El Sporting CP está protagonizando desde hace unos meses las historias más bizarras del fútbol europeo. Desde una monumental rajada del presidente contra sus jugadores, hasta la invasión de ultras para agredir a la plantilla e incluso al propio entrenador. Esto último, precisamente, es lo que ha desencadenado el siguiente capítulo de la locura que vive el club portugués: el éxodo de sus estrellas. Muchos futbolistas decidieron rescindir su contrato de forma unilateral alegando ‘causa justa’ tras los incidentes (y tan justa), pero en el Alvalade no están por aceptar esa condición de ‘outlet’ por las buenas y parecen decididos a recurrir a las más altas instancias de la FIFA.

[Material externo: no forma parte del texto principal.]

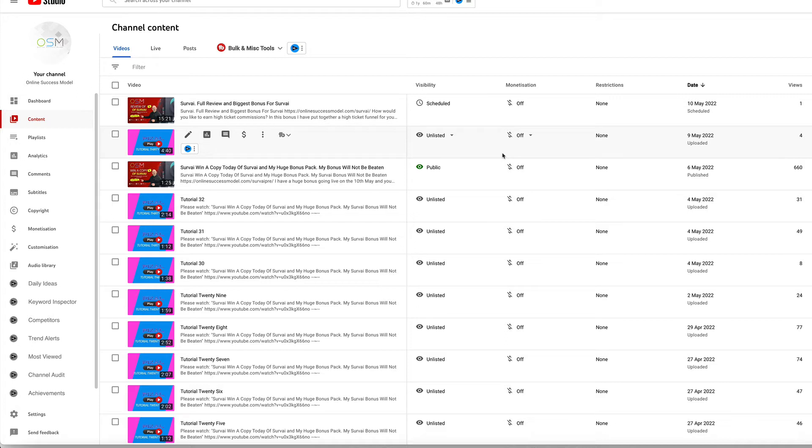If you're not lucky enough to win, and there can only be one winner, just check out the description below. There's a link there that will take you to my bonus page where you can purchase through me.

Como era de esperar, no tardaron en aparecer numerosos equipos para llevarse a los buenos futbolistas que el Sporting tenía en nómina. Salió Rui Patricio y salió William Carvalho, ninguno gratis. La sensación general es que la mayoría de clubes no quería aprovecharse de la delicada situación, al menos de primeras. Así lo hizo también el Atlético, que puso sus ojos en una de las perlas del fútbol luso: Gelson Martins. El equipo español trató de llegar a un acuerdo con el Sporting ofreciendo cerca de 20 millones. Justo para ellos, insuficiente para el vendedor, que exigía una cifra más cercana a los 50.

El tira y afloja entre ambas partes se mantuvo durante semanas hasta que el Atlético decidió romper la baraja anunciando a Gelson Martins. El extremo ya se está entrenando como jugador rojiblanco, aunque de momento no ha sido presentado de forma oficial. Y hasta nuevo aviso ha llegado a Madrid a coste cero.

El conjunto colchonero cree que tiene la razón y que ha incorporado a un jugador libre sin ningún tipo de problema. No coincide ahí el Sporting CP. Como apuntan desde Portugal, la entidad lusa sostiene que el jugador se desvinculó el 11 de junio, una semana después de que se activara una cláusula en su contrato en la que el sueldo de Gelson subía, pero también lo hacía la cantidad para rescindir su vinculación.

El primer paso será una denuncia a la Federación de fútbol de Portugal, pero el mandatario Sousa Cintra quiere que su queja llegue a la FIFA para reclamar lo que ellos consideran que deben cobrar: 100 millones de euros. Esa es la nueva cláusula de rescisión de Gelson y no pretenden rebajarla ni un euro. Habrá que seguir de cerca el desenlace de lo que parece sólo será la penúltima historia turbia de un club con muchos problemas.